Flashing (cinematography)
In cinematography, flashing is a method of contrast control that takes advantage of the natural physical properties of chemical-emulsion film stock to bring out detail in darker areas of the print.
The effect is produced by adding a small and even level of exposure to the entire image. Since exposure levels increase logarithmically, this tiny level of additional exposure has no practical effect on an image's mid-tones or highlights, while it shifts the darker areas of the image into the film's practical sensitivity range, thus allowing darker areas of the image to show visual detail rather than uniform black.
Flashing can be applied to the film stock before, during, or after principal photography of the film, although always before the film's processing. When applied before or after shooting, this is generally done by a motion picture film lab. The level of flashing needs to be tested ahead of time and subsequently moderated appropriately against the light levels of the scene, or else it risks having minimal impact if too low or making the shadows "milky" when too high.
On-set flashing solutions include Panavision's Panaflasher, which is mounted in between the camera body and the camera magazine throat, and Arri's Varicon, which functions as an illuminated filter and can be viewed directly through the viewfinder for manual setting of the flash level.
Flashing is usually described as a percentage of exposure increase to the film's base fog level. While the flash itself is often a neutral color temperature, the flash exposure could be any color: the color of the flash will be imbued disproportionately into the shadows of the image.
Cinematographer Vilmos Zsigmond used flashing very deliberately while filming Robert Altman's "The Long Goodbye" (1973). Zsigmond sought to create a sense of pastel light and subdued contrast appropriate to the film's retrospective 1950's L.A. mood. The MGM 2002 DVD re-release of "The Long Goodbye" includes an interview with Zsigmond in which he discusses his aesthetic goals for the film and his use of flashing to achieve them. In the March, 1973 American Cinematographer magazine (the text is included on the DVD), Edward Lipnick discussed Zsigmond's technique in detail. Lipnick credits Freddie Young with earlier use of flashing in cinema. Zsigmond worked closely with Skip Nicholson, then Technicolor's Manager of Photographic Services, to establish an acceptably predictable system to set the level of flashing to be used for a reel. For some scenes with deep shadow areas in which identifiable image detail was required, a flash "level" described by Zsigmond as "100%" was employed—though it is not clear that Zsigmond's measurement system was that noted in the preceding paragraph.
Adding a general overall exposure of light to an photosensitive material to alter the material's response to a captured image is a long-known technique. Photographer Ansel Adams describes the use of "pre-exposure," to make details visible in a darker area of an image, in his text The Negative (rev.ed. 1959). For more, study astronomic photographic techniques when silver-halide emulsions on glass plates were the available tool.

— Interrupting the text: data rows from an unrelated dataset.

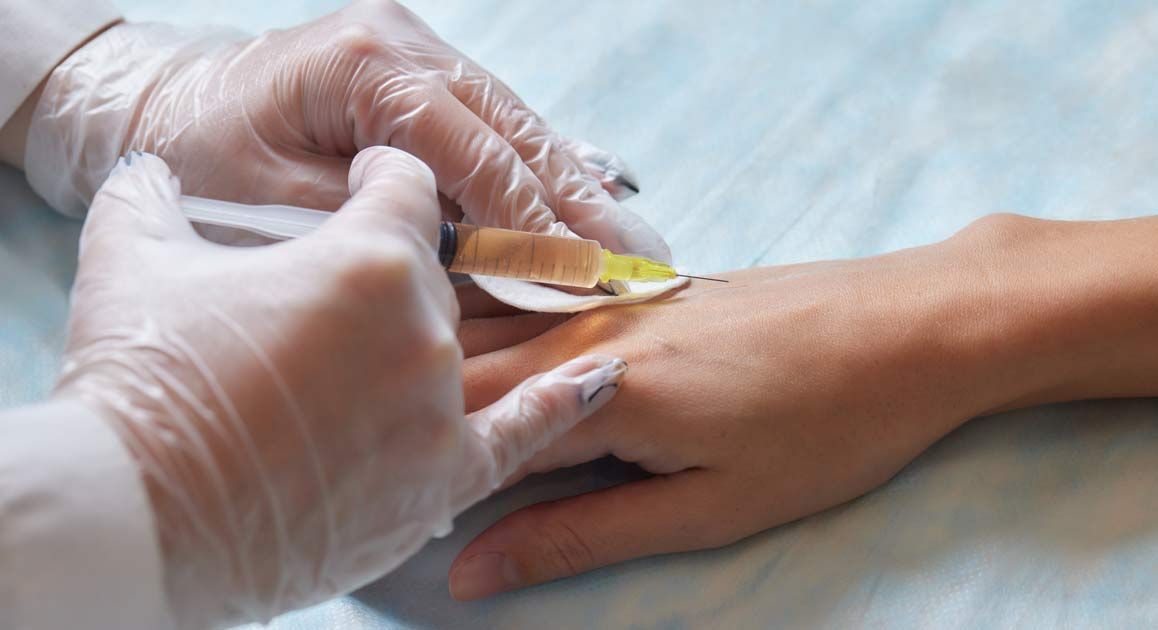 A person is getting an injection in their hand for Tissue Repair Treatments NJ and NYC - Victory Medical Institute
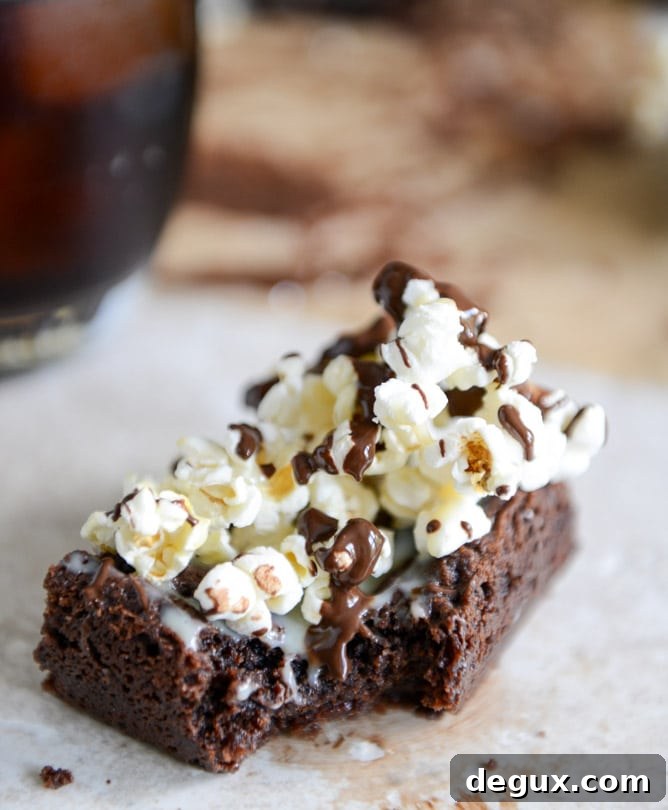 Buttered Popcorn Crunch Brownies I howsweeteats.com Buttered Popcorn Crunch Brownies I howsweeteats.com
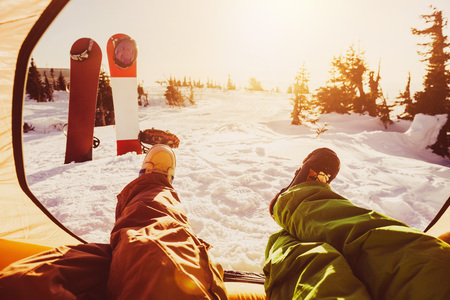Two friends snowboarders relaxing at tentの写真素材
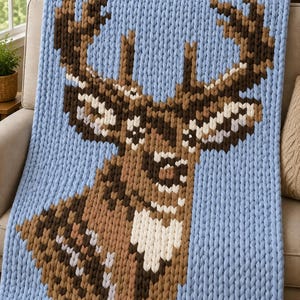 May include: A chunky knit throw blanket featuring a large pixelated deer head design. The blanket is primarily light blue with the deer rendered in shades of brown, tan, and white yarn. The thick, textured stitches create a distinct pattern.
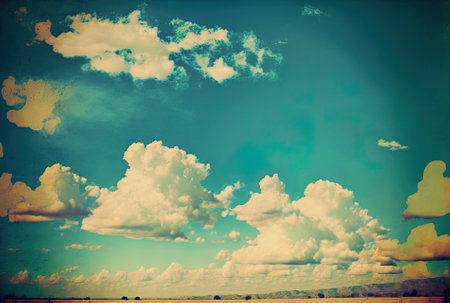 Vintage style backdrop of a blue skyの素材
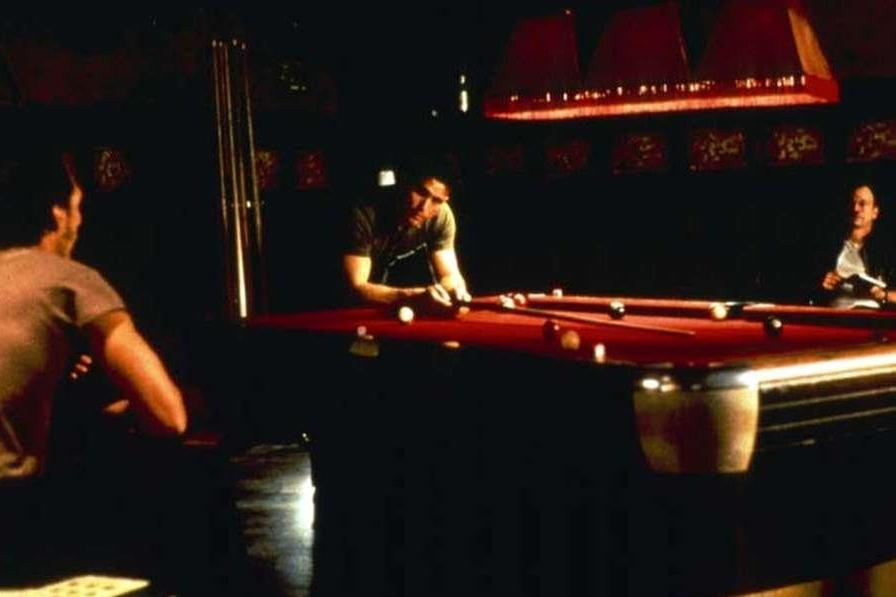 Drei Männer spielen Billard in einem schwach beleuchteten Raum. Ein Mann zielt auf den roten Filztisch.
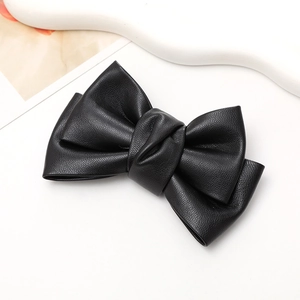 Macro detail of a black faux leather bow accessory with textured finish for phone cases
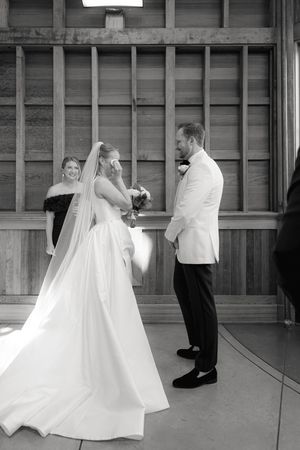 A couple exchanges vows during an intimate wedding ceremony in a rustic wooden venue.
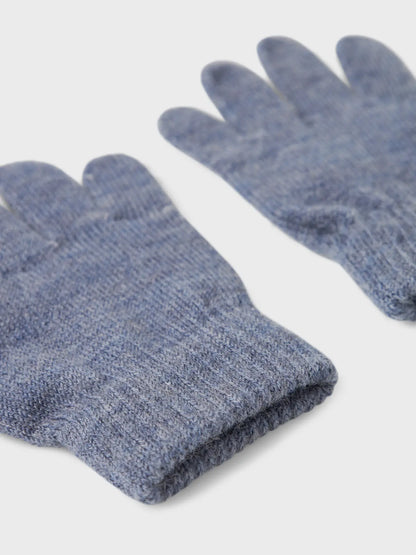 Detailansicht eines blauen Strickhandschuhs aus Wolle mit Bündchen.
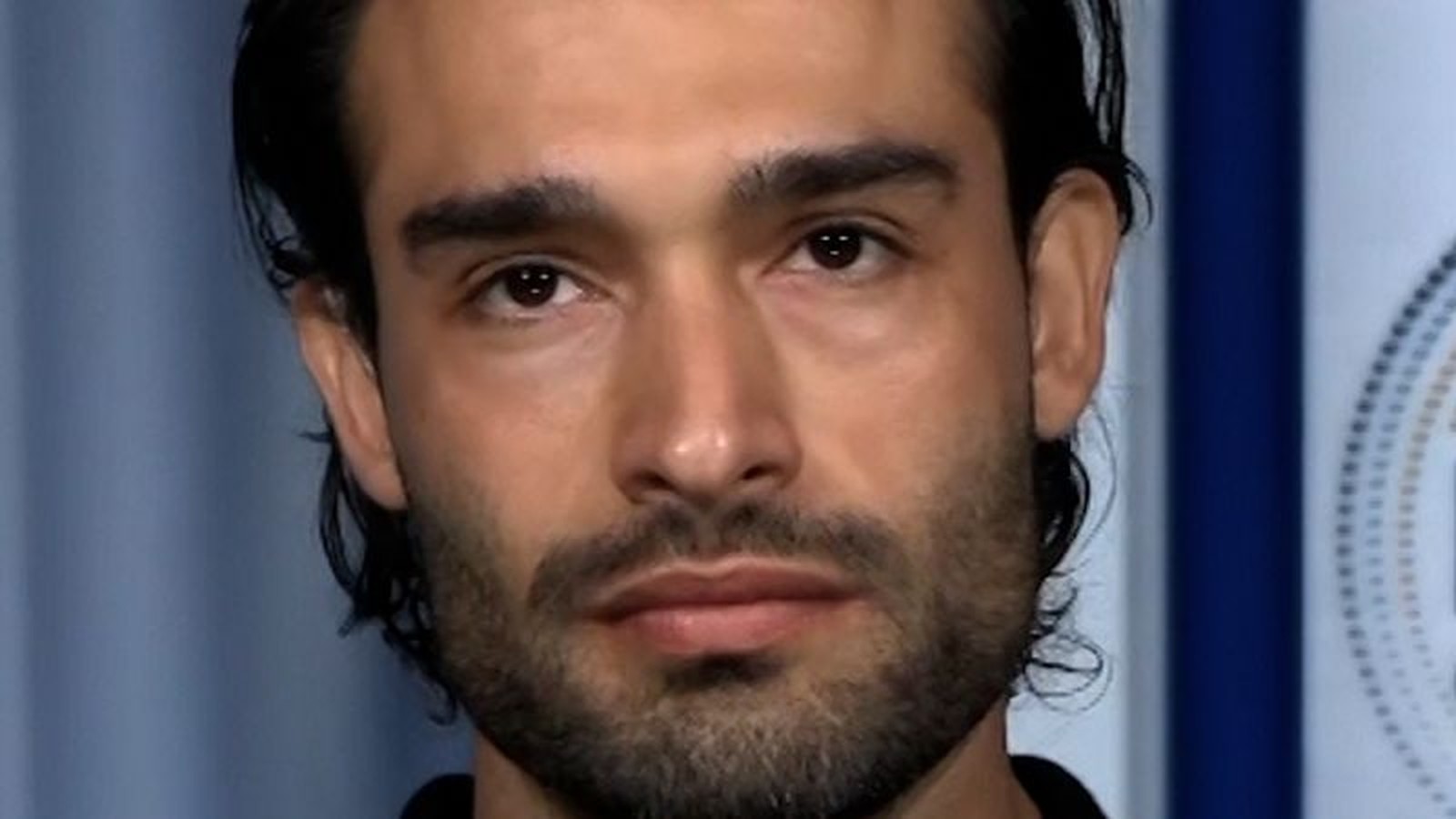 Sam Asghari speaking on television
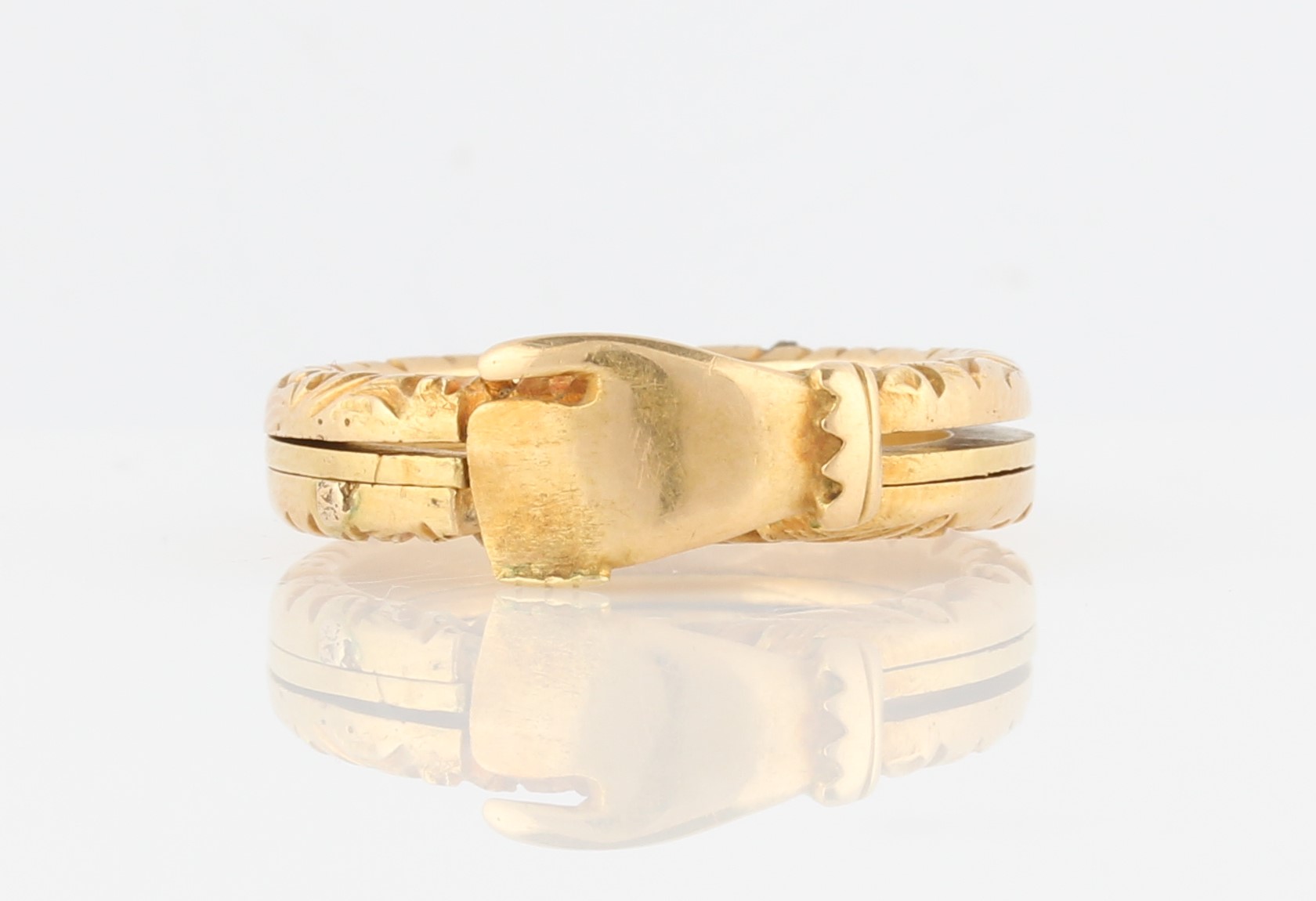 A gimmel ring, consisting of three linked bands, the outer two engraved with scroll design, bands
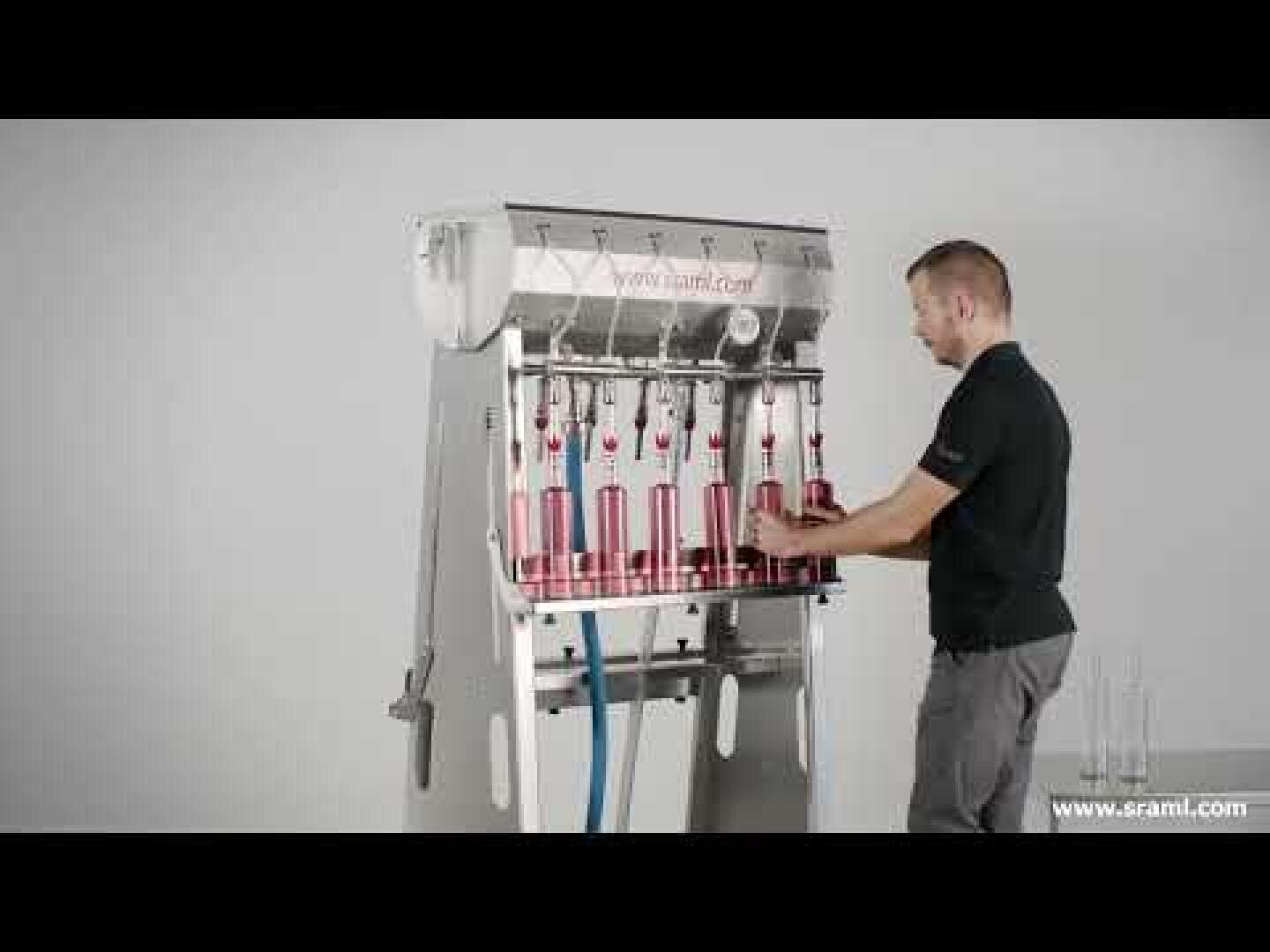 A man operates a semi-automatic bottle filling machine and fills several glass bottles with liquid. The machine has several filling nozzles and stands in front of a plain, light-colored wall.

But, as Lipnick says at the opening of his 1973 American Cinematographer article, "Exposing your negative to varying amounts of light after you have shot it and before you have developed it, without being precisely certain what the results are doing to look like, wouldn't seem like a technique designed to reduce the anxiety level of a cameraman shooting a major feature...."
Now, digital image-processing technology can pull details out of shadow areas without risking destroying the dailies. However, current digital image chips are still limited in the light intensity range over which they can record detail.